= Model Tenancy Act, 2019 =

Proposed tenancy law

The Model Tenancy Act, 2019 is a proposed tenancy law by the Government of India, designed to overhaul the tenancy market in India.

In 2019, finance minister Nirmala Sitharaman, spoke about creating the Model Tenancy Act to replace the archaic rental laws of the country, stating that "they do not address the relationship between the lessor and the lessee realistically and fairly". The Act seeks to solve the housing availability deficit and contribute to the Housing for All initiative by 2022.
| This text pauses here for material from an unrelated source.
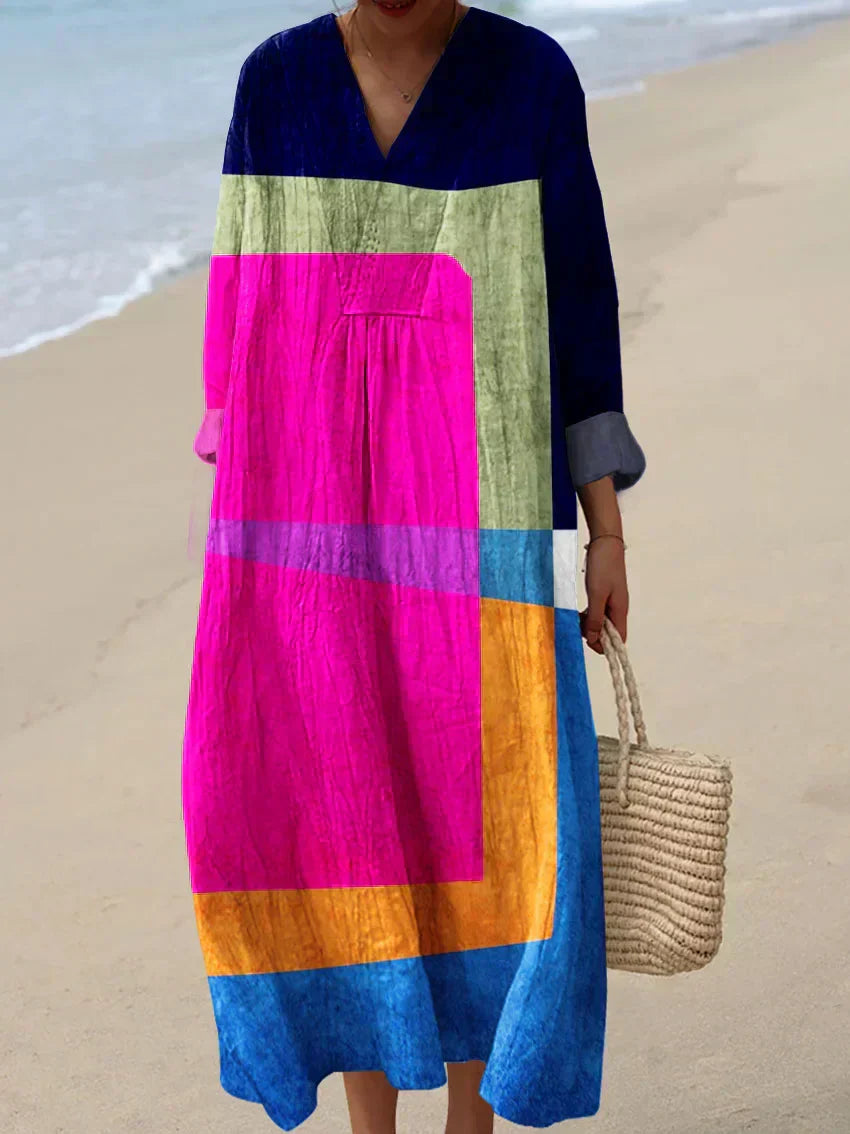 Jean - Kvindelig Vibrerende Kjole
The draft Act is currently under review by the states and union territories.

== Aspects ==
The Model Tenancy Act seeks to implement the following rules:

1. Formation of a Rent Authority department.
2. Residential housing security deposit is capped at two months' rent, and one month for non-residential tenancy.
3. Penalty on tenants for refusing to vacate the premises after the tenancy agreement expires or is mutually terminated.
4. Landlord must provide access to basic essentials and utilities, and cannot increase the property rent in the middle of an ongoing tenancy period.
5. Every executed tenancy agreement has to be reported to the Rent Authority within two months, and a unique identification number will be issued.
6. Terms of the tenancy agreement to be binding on the successors of both the landlord and the tenant.
7. Tenants cannot sublet the property without permission from the landlord.
8. Existing tenancies will not be affected by the Act.